=== TASK DESCRIPTION ===
Exactly as written, return every line of the data below apart from the pictures.

=== DATA EXCERPT ===
BEGIN

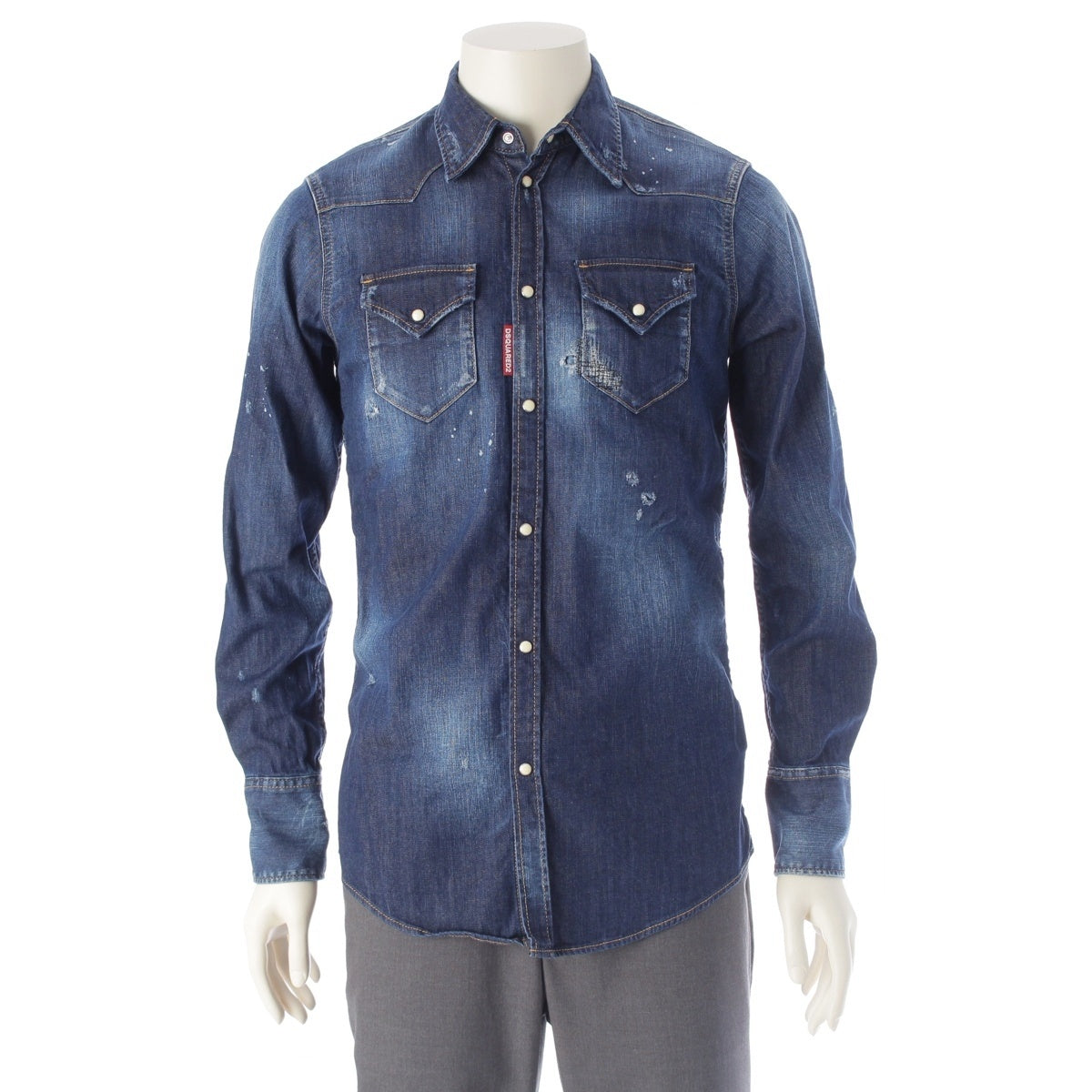 DSQUARED2 cotton Distressed Western Denim Long sleeve shirt tops S74DM0005 Indigo 44
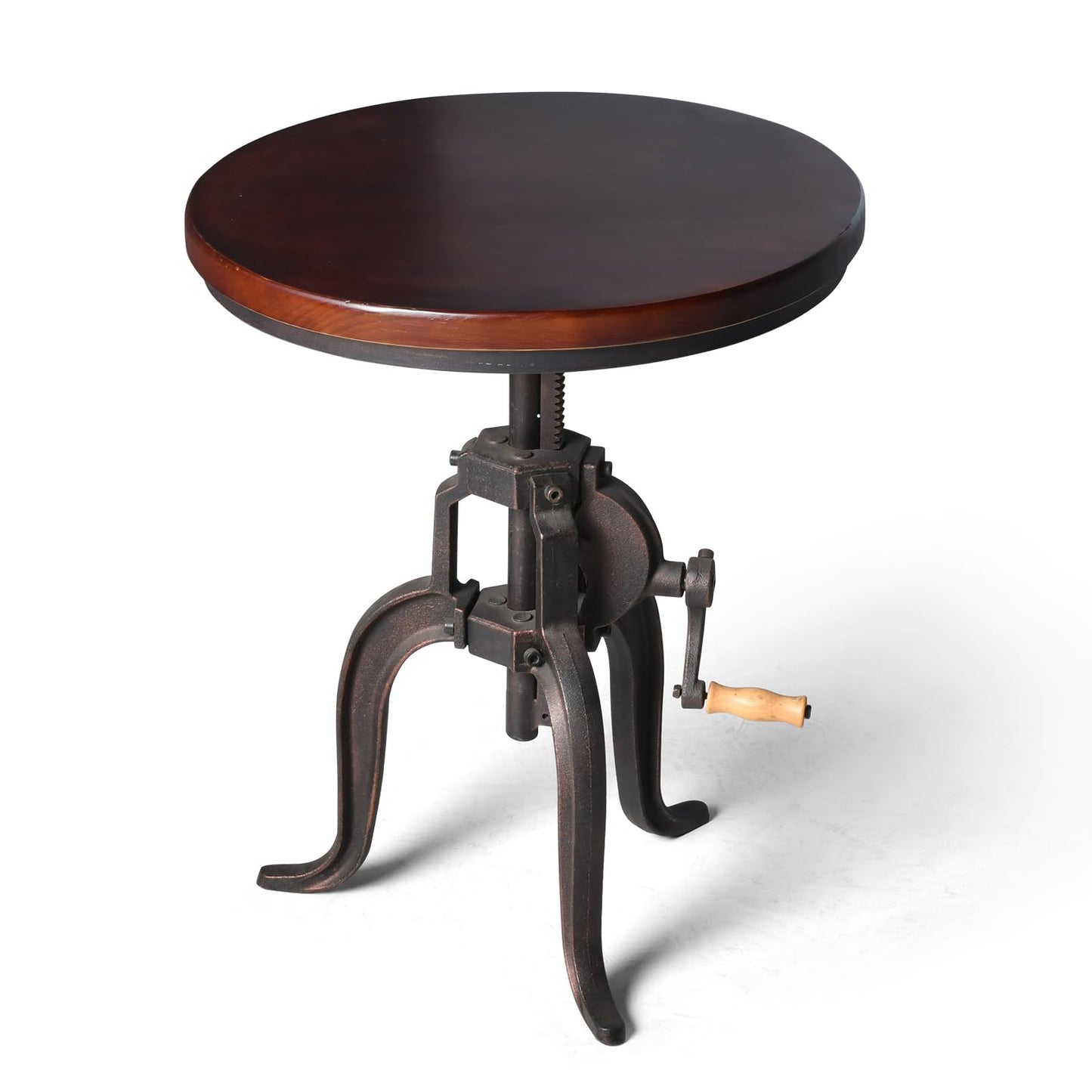 Topower Industrial Retro Side Table Antique Mechanic Crank Height Ajustable Black Walnut Wood Top Three-Legged Farmhouse Accent End Table Copper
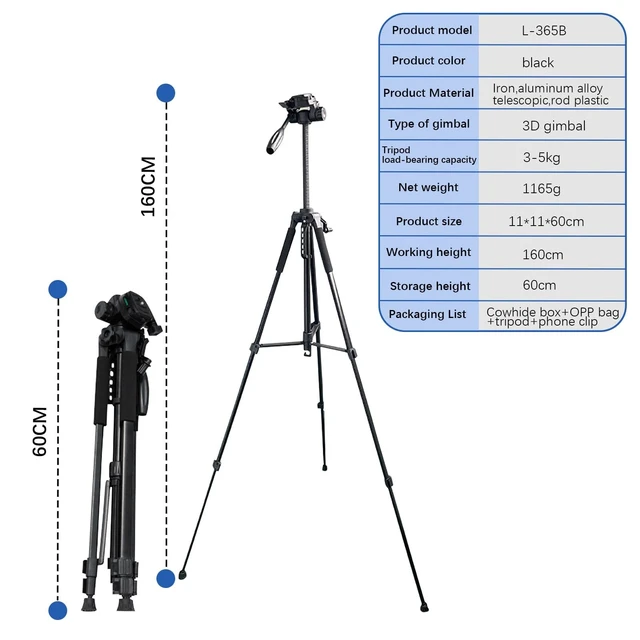Alt view image 2 of 5 - 63" Camera Tripod, Professional Aluminum Stand for Mirrorless Camera/DSLR/Cell Phone/Camcorder, with Phone Holder, Black (63" Camera Tripod)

END

=== EXERCISE RESPONSE ===
 DSQUARED2 cotton Distressed Western Denim Long sleeve shirt tops S74DM0005 Indigo 44
 Topower Industrial Retro Side Table Antique Mechanic Crank Height Ajustable Black Walnut Wood Top Three-Legged Farmhouse Accent End Table Copper
Alt view image 2 of 5 - 63" Camera Tripod, Professional Aluminum Stand for Mirrorless Camera/DSLR/Cell Phone/Camcorder, with Phone Holder, Black (63" Camera Tripod)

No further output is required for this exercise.